Not sure how old the house is, can't find any info on it, but it has an outside loo, although with it having a double garage area i'd guess it's not really old.
Cows started running after me on the way across the field, don't think they liked me invading their turf


----------



## UrbanX (Sep 25, 2013)

Nice one! What a lovely location!


----------



## krela (Sep 25, 2013)

I'm guessing construction started in the 80s and never finished!


----------



## Paulytwotanks (Sep 25, 2013)

Looks like early 1970's to me with all that funky stone cladding! The outside loo and ruined outbuildings look a lot older (red bricks/ lime mortar) so I would guess this has been built on the site of a much older house....... Maybe without PP hence the abandonement?


----------



## lazyurbexer (Sep 25, 2013)

I believe this has been seen on this site before.


----------



## krela (Sep 25, 2013)

lazyurbexer said:


> I believe this has been seen on this site before.



Oh, why is that comment worthy?


----------



## whitelaw (Sep 25, 2013)

WOW! What a perfect fixer-upper for someone. I wonder if this place has more to tell though - was that a bricked up doorway to a cellar I saw in one of the pics?


----------



## Miz_Firestorm (Sep 25, 2013)

nope, no cellar. bricked up doorway is back of outside loo. not too sure what it's meant to be


----------



## Deranged09 (Sep 25, 2013)

wow thats nice, i love little places like these, great pics!


----------



## Malcog (Sep 25, 2013)

If thats the house that can be seen from the A38, there are also a couple of pillboxes by the river.
Nice pics !


----------



## Miz_Firestorm (Sep 25, 2013)

Malcog said:


> If thats the house that can be seen from the A38, there are also a couple of pillboxes by the river.
> Nice pics !



Can't see it from A38, not near it


----------



## Dirus_Strictus (Sep 26, 2013)

Paulytwotanks said:


> Looks like early 1970's to me with all that funky stone cladding! The outside loo and ruined outbuildings look a lot older (red bricks/ lime mortar) so I would guess this has been built on the site of a much older house....... Maybe without PP hence the abandonement?
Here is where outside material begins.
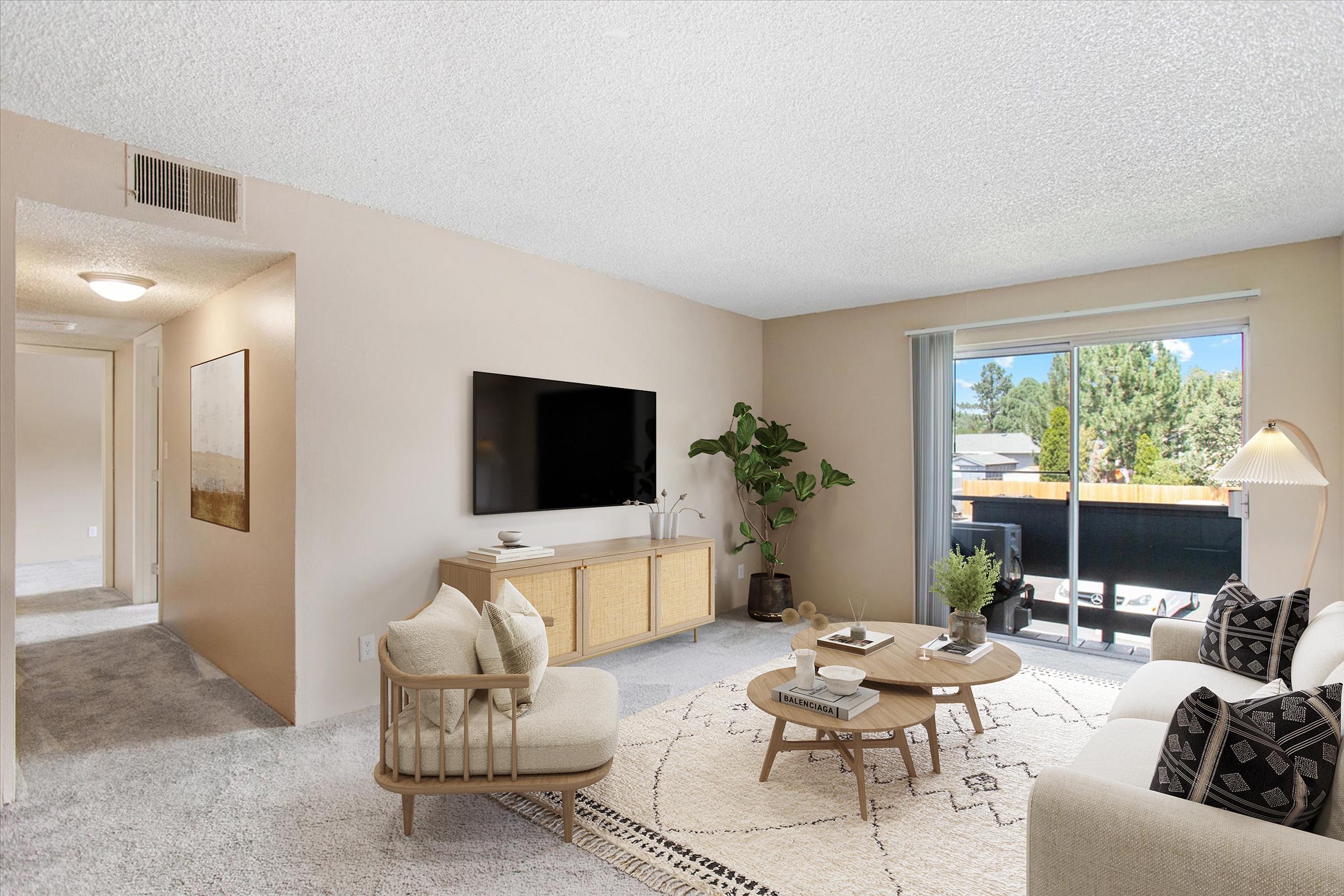 A cozy living room featuring a light-colored sofa, a circular coffee table, and a large TV mounted on a wooden console. There is a potted plant in the corner and decorative items on the coffee table. Natural light floods in from a nearby window, enhancing the warm and inviting atmosphere.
I think you are correct if memory serves, but Krela is not far off because the saga continued into the early 80s from what I was told a few years back. The usual story; buy a 'smallholding' with the vestige of habitation or industrial building there on and then start to build a monstrosity of a private house - bye passing all planning regs whilst so doing. If it failed during a retrospective planning application this will be on record.


----------



## Rgsltd (Oct 6, 2013)

Is that the river Trent in the pics ?


----------



## Miz_Firestorm (Oct 7, 2013)

Yes, yes it is


----------